Eppure, oggi vediamo anziani che arrivano a 85-90 anni, sequoie immortali immobili nei letti, incapaci di vivere senza mille assistenze. Tenuti in vita dalla potenza della medicina. Non le pare che ci sia qualcosa di sinistro? Questa umanità non autosufficiente è la conseguenza di voler comprimere la mortalità?
"No, questo è proprio l'opposto. Noi vogliamo avere settantenni o ottantenni che si muovono, che vivono una vita piena, nonostante qualche acciacco. Questa situazione della persona progressivamente disabilitata mantenuta in vita con tantissime risorse, ma soprattutto con una qualità di vita molto scarsa, è quello che cerchiamo di non fare".

Eppure accade sempre più spesso: è il fallimento della medicina?
"La medicina ha perso il suo obiettivo. Invece di occuparsi della persona, si è occupata di piccole cose che sa fare bene. Una delle tragedie del nostro tempo è il modello della medicina McDonald's. Mirata a produrre pochi servizi, ben prevedibili e nel migliore dei modi. Al fast food hai una scelta limitata di cibo, però sai cosa mangi e sai che farai nel più breve tempo possibile. Questa medicina ha creato la malattia cronica. Oggi alla persona non è permesso di morire, e continuare a mantenere in vita persone che sono progressivamente più disabili, più incompetenti, significa generare un mondo di malati cronici".
Invece?
"L'obiettivo è cercare di mantenere la persona funzionale quanto più possibile, fino alla soglia della morte. E c'è moltissimo che si può fare: prima di tutto evitare le malattie e la disabilità cardio-vascolari controllando diabete, ipertensione, dieta. Evitare di fumare, naturalmente. E poi interventi mirati. Per esempio per le donne, ma anche per gli uomini, l'osteoporosi è una causa di disabilità enorme. L'osteoporosi si può prevenire in molti modi diversi, ci sono farmaci e interventi chirurgici. Per esempio con la vertebroplastica si può mantenere il corpo vertebrale più a lungo. Poi, evitare il dolore e quindi consentire il movimento.
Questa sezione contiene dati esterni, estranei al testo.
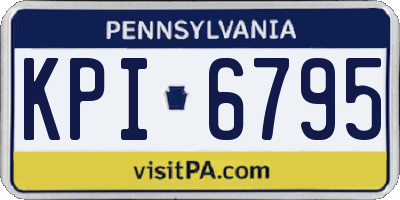 PA license plate KPI6795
Insomma, bisogna concentrasi su quelle strategie terapeutiche che, anziché puntare sull'organo, puntano a evitare la disabilità".

Insomma, una medicina che punti non all'immortalità, ma all'autosufficienza.
"Esatto. Si pensi a un tema come il controllo del dolore. A una persona che ha un dolore che previene il movimento, adesso le linee guida dell'American geriatrics society raccomandano che siano somministrati regolarmente dei narcotici cronici, perché è molto meglio avere un po' di tossicodipendenza piuttosto che essere paralizzato da un dolore che impedisce di muoverti. Non c'è dubbio che la medicina abbia l'inquietante potere di prolungare la morte. Ma questo la società lo deve evitare, innanzitutto mettendo tutti nelle condizioni di poter gestire la propria morte, di prendere coscienza di quello che li aspetta, dei disastri che la medicina può combinare: quindi la società deve garantire che ciascuno possa dare direttive ben precise di come vuole sia gestita la fase finale della sua vita. Ma prima ancora, essa deve creare una medicina centrata sulla persona umana, che preveda un medico capace di lavorare col paziente, riferire al paziente, dire al paziente 'in questo caso credo che un intervento cardiaco ti possa aiutare', 'in questo caso, guarda, se lo vuoi è disponibile, però, penso che, data la condizione generale, tu probabilmente non sei pronto'. Insomma una medicina che insegni a dire di no, se è quello che il cittadino davvero vuole".